Emer Lang at Davy Stockbrokers said the agreement between Fine Gael and Fianna Fáil in government formation talks to “take all the necessary action to tackle high variable interest rates”, showed pressure was again building on banks to cut their standard mortgage rates.
AIB — which is all but fully-owned by the State — responded robustly to pressure by Finance Minister Michael Noonan last year to implement cuts to its standard variable rate mortgages.
Almost all the lenders now promote ‘switcher’ offers to encourage borrowers onto fixed-rate mortgages, which campaigners have alleged lock in Irish borrowers to the highest home loan rates in the eurozone.
Brendan Burgess of the Fair Mortgage Rates Campaign — which lobbied politicians during the election — said yesterday that even AIB’s standard variable rate remains too high compared with the rates borrowers can tap elsewhere in the eurozone.
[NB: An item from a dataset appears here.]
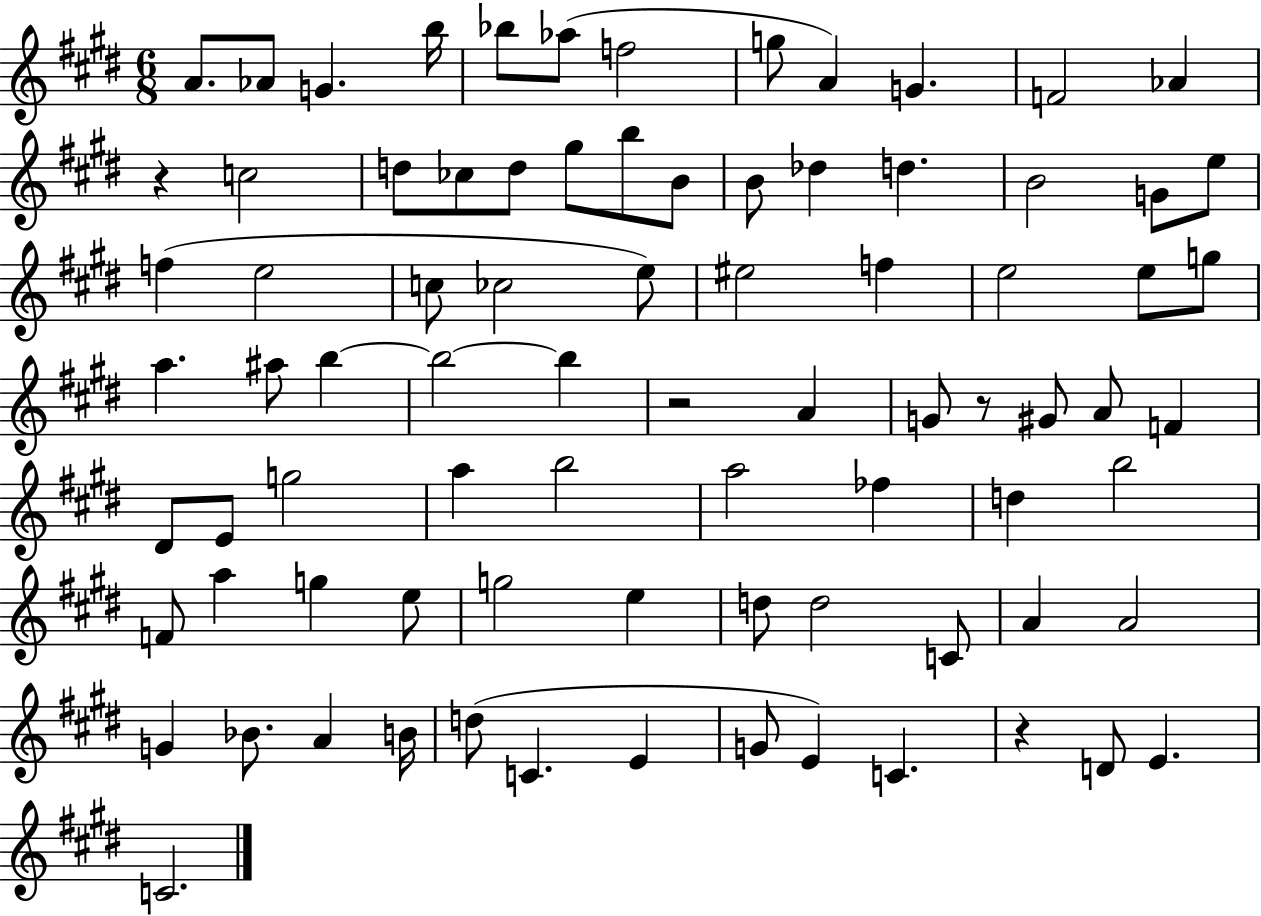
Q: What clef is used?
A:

Mr Burgess said the Central Bank should prohibit lenders here from charging borrowers no more than three percentage points above the key ECB rate.
Lenders should argue their case to the Central Bank if they wish to breach the ceiling.
He said the argument that Irish people have to wait for new lenders to enter the market to lower rates shouldn’t be entertained.
However, Ms Lang said that the Central Bank has “consistently expressed its reluctance” to use powers to set ceilings on home loan interest rates.
“Increasing pressure on mortgage rates will in turn put added pressure on banks, in particular Permanent TSB, to lower their funding costs.
"In this respect, PTSB continues to pay 75 basis points for one-year money, compared with 25 basis points to 45 basis points at Bank of Ireland, and 30 basis points to 40 basis points at AIB,” she said.
Mr Burgess said the Fine Gael-Fianna Fáil agreement on mortgage costs was, however, light on detail. He said he wouldn’t be celebrating until “rates actually fell”.